#### Your assignment
For the data below, work out the number of lines containing the string "alarm" and answer with that number only.

#### Supplied records
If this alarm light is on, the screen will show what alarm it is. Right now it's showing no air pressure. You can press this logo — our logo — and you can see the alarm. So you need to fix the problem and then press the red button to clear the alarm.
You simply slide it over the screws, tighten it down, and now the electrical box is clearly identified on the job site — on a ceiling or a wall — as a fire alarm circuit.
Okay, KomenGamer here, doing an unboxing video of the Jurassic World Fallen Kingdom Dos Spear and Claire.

--

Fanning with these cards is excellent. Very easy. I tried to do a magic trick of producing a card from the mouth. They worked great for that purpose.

#### Written solution
2